- [STORED DATA]:
====

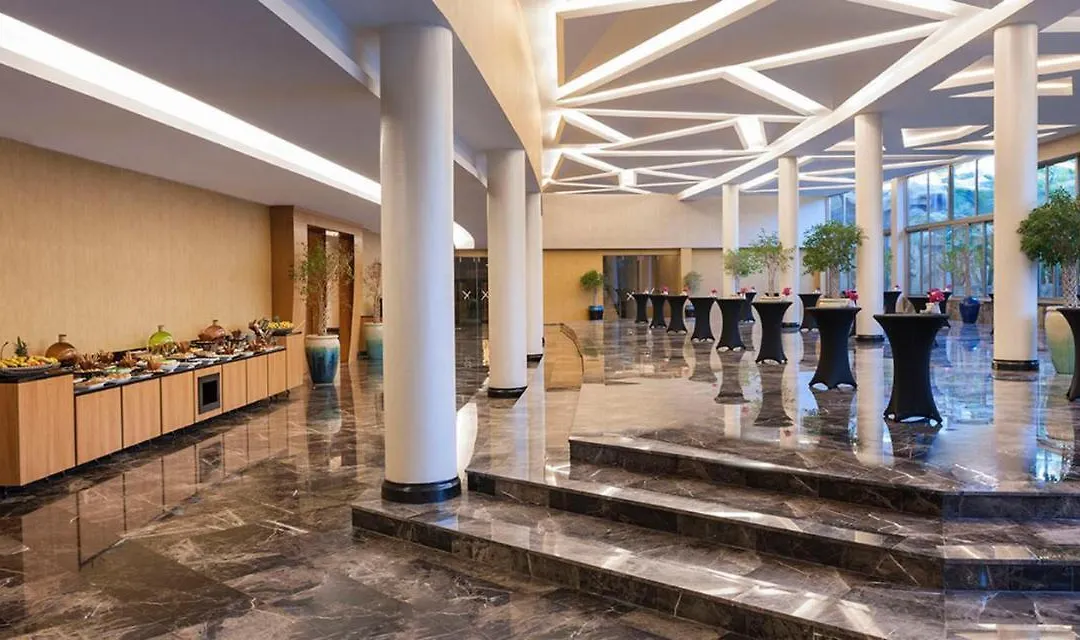 Noah'S Ark Deluxe Hotel & Spa-1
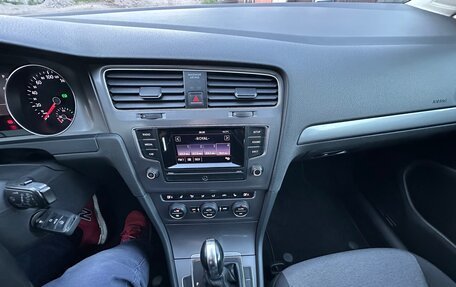 Volkswagen Golf VII, 2014 год, 900 000 рублей, 9 фотография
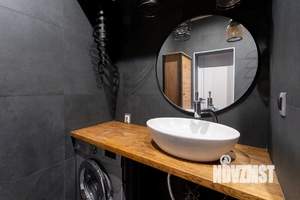 Таунхаус 250м², 3-этажный, участок 3 сот.  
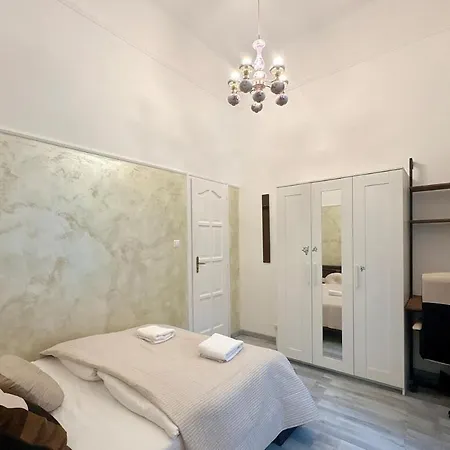 Dohany Synagogue Elegant 2br 2bath & Balcony Lägenhet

====

- [DESCRIPTION OF THE TASK]: Word for word, retype the lines from the one with "Таунхаус 250м², 3-этажный, участок 3 сот." through the final line of the data, both included. No pictures belong in the copy.

- [YOUR SOLUTION]:
 Таунхаус 250м², 3-этажный, участок 3 сот.  
 Dohany Synagogue Elegant 2br 2bath & Balcony Lägenhet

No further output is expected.